WHAT THE TASK REQUIRES → Reproduce exactly, from the data that follows, the line with "Lululemon On The", the line with "Fudbaleri Željezničara stigli", and every line that lies between them.

DATA FOR THIS TASK →
----

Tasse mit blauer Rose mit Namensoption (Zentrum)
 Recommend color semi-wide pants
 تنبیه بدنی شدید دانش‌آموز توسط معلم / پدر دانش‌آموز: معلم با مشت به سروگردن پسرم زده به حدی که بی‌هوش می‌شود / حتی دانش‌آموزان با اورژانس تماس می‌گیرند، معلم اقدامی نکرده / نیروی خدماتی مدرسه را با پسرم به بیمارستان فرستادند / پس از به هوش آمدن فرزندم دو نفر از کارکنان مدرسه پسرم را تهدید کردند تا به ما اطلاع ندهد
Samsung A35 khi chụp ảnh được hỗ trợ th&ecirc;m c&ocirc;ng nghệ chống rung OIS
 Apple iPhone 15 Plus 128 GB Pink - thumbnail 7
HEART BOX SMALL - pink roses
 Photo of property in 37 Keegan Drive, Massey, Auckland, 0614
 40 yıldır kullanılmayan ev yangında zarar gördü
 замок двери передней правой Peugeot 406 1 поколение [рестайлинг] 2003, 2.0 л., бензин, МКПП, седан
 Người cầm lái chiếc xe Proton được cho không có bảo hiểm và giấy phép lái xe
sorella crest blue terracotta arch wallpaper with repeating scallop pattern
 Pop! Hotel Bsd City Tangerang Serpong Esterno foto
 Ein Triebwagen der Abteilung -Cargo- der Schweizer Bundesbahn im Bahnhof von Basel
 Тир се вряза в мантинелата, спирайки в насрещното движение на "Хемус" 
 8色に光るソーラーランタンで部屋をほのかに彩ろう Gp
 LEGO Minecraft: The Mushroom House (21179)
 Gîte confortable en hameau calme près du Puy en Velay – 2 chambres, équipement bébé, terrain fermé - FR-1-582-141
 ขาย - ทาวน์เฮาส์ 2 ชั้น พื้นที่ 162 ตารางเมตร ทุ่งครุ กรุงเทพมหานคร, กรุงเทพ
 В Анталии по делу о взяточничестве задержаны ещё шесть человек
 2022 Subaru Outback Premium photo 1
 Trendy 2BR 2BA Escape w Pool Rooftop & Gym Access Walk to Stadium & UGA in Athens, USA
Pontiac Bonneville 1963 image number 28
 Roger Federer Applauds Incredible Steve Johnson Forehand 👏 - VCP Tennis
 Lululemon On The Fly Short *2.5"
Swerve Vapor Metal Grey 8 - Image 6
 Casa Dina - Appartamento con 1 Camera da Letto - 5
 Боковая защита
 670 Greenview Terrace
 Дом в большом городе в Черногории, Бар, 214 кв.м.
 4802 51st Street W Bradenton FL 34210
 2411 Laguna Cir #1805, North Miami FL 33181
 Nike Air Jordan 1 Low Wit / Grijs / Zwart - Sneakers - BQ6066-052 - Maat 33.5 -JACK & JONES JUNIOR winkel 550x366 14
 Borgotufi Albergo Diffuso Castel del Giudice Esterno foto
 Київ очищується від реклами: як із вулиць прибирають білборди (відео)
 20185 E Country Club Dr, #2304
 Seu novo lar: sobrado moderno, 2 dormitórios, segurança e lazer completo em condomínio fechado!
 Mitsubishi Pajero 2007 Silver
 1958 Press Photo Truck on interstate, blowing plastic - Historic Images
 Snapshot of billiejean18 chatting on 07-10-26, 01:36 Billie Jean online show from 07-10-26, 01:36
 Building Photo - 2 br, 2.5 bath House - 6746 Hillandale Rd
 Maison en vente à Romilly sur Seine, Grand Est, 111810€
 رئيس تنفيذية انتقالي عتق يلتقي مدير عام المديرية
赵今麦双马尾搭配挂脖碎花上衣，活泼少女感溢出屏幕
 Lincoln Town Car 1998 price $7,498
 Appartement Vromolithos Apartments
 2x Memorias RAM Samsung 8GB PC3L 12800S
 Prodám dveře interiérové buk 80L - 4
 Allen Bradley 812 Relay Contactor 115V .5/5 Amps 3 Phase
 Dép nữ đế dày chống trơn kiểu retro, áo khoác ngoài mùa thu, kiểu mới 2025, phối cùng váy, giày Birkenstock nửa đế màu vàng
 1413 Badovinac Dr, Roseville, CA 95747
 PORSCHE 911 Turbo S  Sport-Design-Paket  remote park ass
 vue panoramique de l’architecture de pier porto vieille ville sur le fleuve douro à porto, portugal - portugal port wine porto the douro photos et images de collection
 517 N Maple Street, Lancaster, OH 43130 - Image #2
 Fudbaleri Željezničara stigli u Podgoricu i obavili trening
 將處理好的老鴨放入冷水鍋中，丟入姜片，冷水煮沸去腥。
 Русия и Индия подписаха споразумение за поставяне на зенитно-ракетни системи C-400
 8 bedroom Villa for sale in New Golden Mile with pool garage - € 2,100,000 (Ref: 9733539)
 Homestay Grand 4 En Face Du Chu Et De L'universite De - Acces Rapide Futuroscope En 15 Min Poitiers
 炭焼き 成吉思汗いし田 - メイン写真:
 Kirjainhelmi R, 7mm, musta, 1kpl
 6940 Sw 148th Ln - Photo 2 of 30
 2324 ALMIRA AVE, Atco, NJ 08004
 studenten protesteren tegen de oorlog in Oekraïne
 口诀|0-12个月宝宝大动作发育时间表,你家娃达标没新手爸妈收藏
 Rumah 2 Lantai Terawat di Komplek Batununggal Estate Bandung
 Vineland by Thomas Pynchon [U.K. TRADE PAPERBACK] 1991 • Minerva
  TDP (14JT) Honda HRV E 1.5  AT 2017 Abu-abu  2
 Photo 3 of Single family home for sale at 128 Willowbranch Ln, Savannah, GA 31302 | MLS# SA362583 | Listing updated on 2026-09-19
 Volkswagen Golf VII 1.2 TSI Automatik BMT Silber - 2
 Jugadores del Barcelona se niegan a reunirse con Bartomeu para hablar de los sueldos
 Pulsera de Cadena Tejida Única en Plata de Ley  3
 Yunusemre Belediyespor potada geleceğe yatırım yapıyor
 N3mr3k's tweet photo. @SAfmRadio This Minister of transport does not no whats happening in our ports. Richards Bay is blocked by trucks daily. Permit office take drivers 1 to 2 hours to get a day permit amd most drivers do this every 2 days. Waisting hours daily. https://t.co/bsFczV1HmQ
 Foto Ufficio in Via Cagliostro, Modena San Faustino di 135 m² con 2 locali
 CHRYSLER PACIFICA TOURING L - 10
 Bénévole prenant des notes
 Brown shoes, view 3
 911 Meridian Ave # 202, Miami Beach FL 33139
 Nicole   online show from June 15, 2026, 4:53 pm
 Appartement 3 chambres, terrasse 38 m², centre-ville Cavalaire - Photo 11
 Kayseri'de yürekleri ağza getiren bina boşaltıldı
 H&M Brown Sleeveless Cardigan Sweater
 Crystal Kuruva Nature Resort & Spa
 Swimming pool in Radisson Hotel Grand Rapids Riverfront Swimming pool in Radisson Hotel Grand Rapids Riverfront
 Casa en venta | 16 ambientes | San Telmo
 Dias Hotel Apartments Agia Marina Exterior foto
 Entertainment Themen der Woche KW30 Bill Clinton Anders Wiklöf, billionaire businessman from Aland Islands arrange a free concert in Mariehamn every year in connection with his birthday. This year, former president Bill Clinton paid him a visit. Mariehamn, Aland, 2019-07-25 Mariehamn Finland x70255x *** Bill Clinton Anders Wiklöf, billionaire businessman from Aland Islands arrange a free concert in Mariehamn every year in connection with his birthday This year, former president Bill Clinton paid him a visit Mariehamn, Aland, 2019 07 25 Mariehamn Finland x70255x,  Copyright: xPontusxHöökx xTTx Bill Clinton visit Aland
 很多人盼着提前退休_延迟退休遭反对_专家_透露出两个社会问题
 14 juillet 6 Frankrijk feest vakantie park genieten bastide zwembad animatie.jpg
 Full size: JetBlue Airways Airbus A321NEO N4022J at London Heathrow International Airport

----

RESPONSE TO THIS EXERCISE →
 Lululemon On The Fly Short *2.5"
Swerve Vapor Metal Grey 8 - Image 6
 Casa Dina - Appartamento con 1 Camera da Letto - 5
 Боковая защита
 670 Greenview Terrace
 Дом в большом городе в Черногории, Бар, 214 кв.м.
 4802 51st Street W Bradenton FL 34210
 2411 Laguna Cir #1805, North Miami FL 33181
 Nike Air Jordan 1 Low Wit / Grijs / Zwart - Sneakers - BQ6066-052 - Maat 33.5 -JACK & JONES JUNIOR winkel 550x366 14
 Borgotufi Albergo Diffuso Castel del Giudice Esterno foto
 Київ очищується від реклами: як із вулиць прибирають білборди (відео)
 20185 E Country Club Dr, #2304
 Seu novo lar: sobrado moderno, 2 dormitórios, segurança e lazer completo em condomínio fechado!
 Mitsubishi Pajero 2007 Silver
 1958 Press Photo Truck on interstate, blowing plastic - Historic Images
 Snapshot of billiejean18 chatting on 07-10-26, 01:36 Billie Jean online show from 07-10-26, 01:36
 Building Photo - 2 br, 2.5 bath House - 6746 Hillandale Rd
 Maison en vente à Romilly sur Seine, Grand Est, 111810€
 رئيس تنفيذية انتقالي عتق يلتقي مدير عام المديرية
赵今麦双马尾搭配挂脖碎花上衣，活泼少女感溢出屏幕
 Lincoln Town Car 1998 price $7,498
 Appartement Vromolithos Apartments
 2x Memorias RAM Samsung 8GB PC3L 12800S
 Prodám dveře interiérové buk 80L - 4
 Allen Bradley 812 Relay Contactor 115V .5/5 Amps 3 Phase
 Dép nữ đế dày chống trơn kiểu retro, áo khoác ngoài mùa thu, kiểu mới 2025, phối cùng váy, giày Birkenstock nửa đế màu vàng
 1413 Badovinac Dr, Roseville, CA 95747
 PORSCHE 911 Turbo S  Sport-Design-Paket  remote park ass
 vue panoramique de l’architecture de pier porto vieille ville sur le fleuve douro à porto, portugal - portugal port wine porto the douro photos et images de collection
 517 N Maple Street, Lancaster, OH 43130 - Image #2
 Fudbaleri Željezničara stigli u Podgoricu i obavili trening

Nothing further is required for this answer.